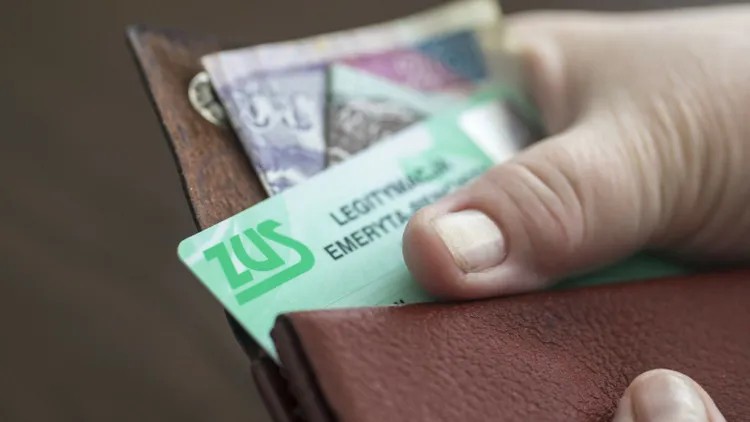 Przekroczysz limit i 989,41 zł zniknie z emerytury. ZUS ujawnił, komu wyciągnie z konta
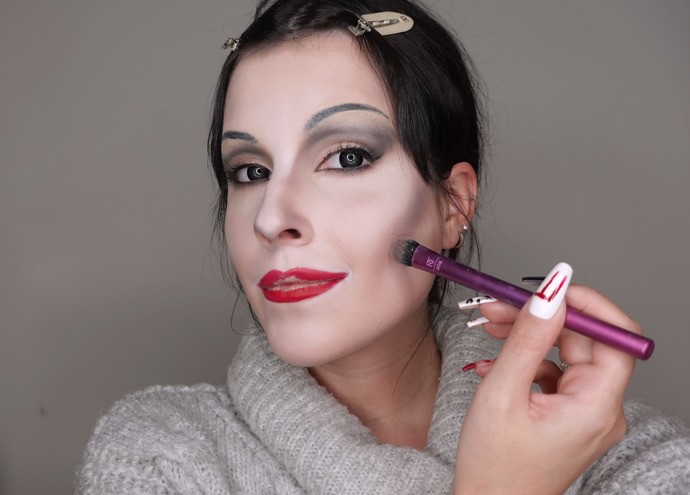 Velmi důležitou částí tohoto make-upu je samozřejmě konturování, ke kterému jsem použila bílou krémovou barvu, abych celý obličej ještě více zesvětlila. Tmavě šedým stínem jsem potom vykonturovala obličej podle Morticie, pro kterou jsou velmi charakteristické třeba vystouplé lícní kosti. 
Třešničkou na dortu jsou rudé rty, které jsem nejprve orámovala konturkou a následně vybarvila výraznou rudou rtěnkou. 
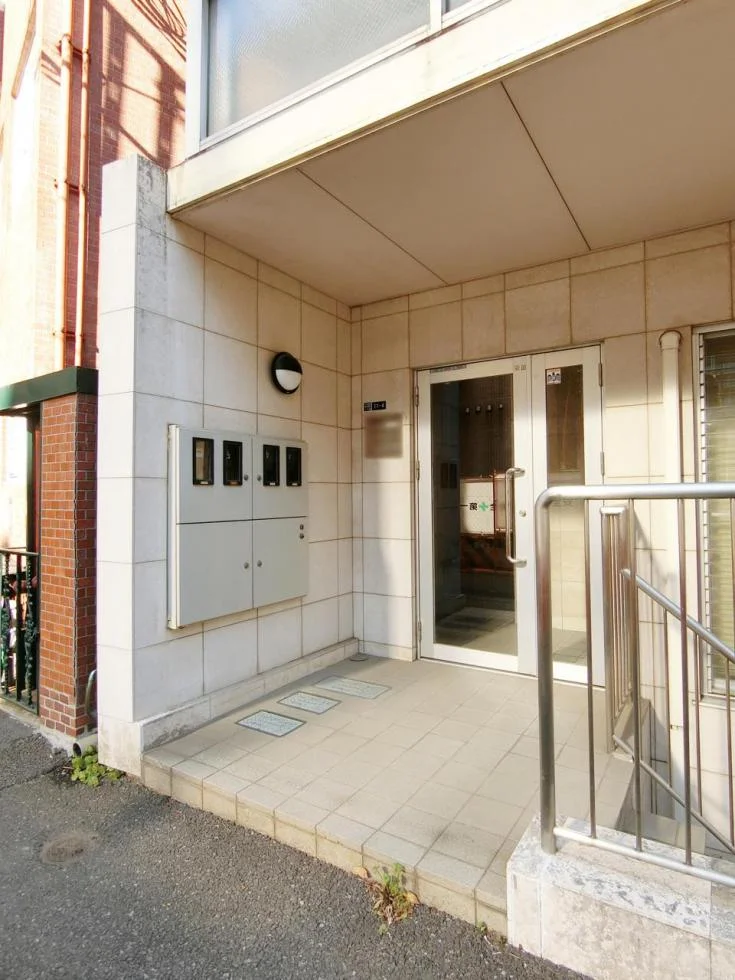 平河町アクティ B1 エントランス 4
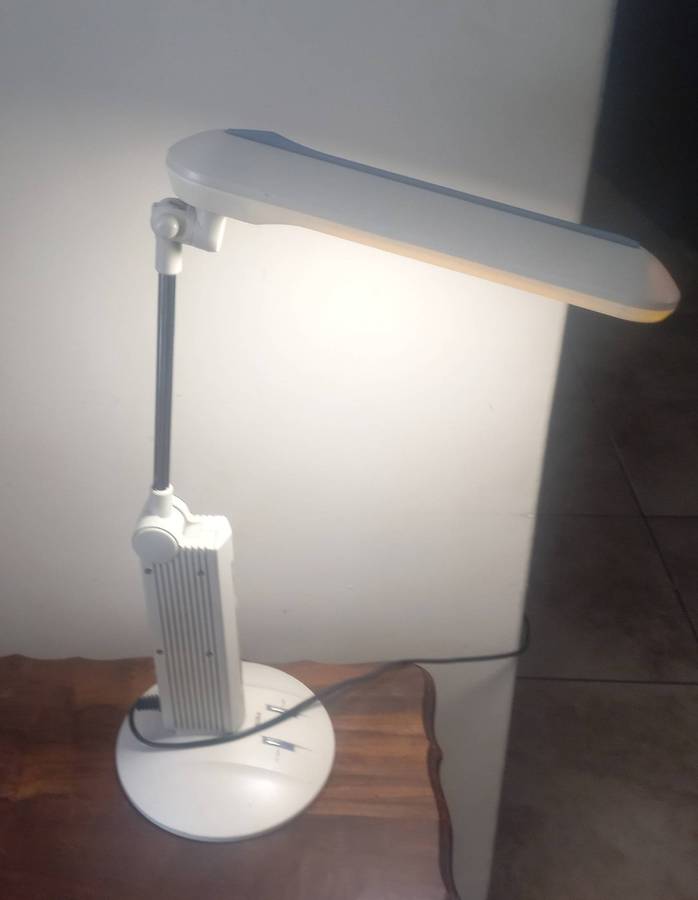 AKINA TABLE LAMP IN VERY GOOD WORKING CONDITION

*****

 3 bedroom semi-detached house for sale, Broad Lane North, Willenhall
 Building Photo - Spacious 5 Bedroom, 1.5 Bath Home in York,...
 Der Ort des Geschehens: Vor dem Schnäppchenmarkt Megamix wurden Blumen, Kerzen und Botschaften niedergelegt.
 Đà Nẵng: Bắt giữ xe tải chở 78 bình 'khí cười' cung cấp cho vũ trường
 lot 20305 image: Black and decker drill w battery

*****

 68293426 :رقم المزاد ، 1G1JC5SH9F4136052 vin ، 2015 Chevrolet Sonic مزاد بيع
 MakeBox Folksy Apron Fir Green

*****

▸ **EXERCISE**
Return exactly the lines of the material above, starting at the line containing "平河町アクティ B1 エントランス 4" and finishing at the line containing "AKINA TABLE LAMP", without any pictures.

▸ **SOLUTION TO THE PROBLEM**
 平河町アクティ B1 エントランス 4
 AKINA TABLE LAMP IN VERY GOOD WORKING CONDITION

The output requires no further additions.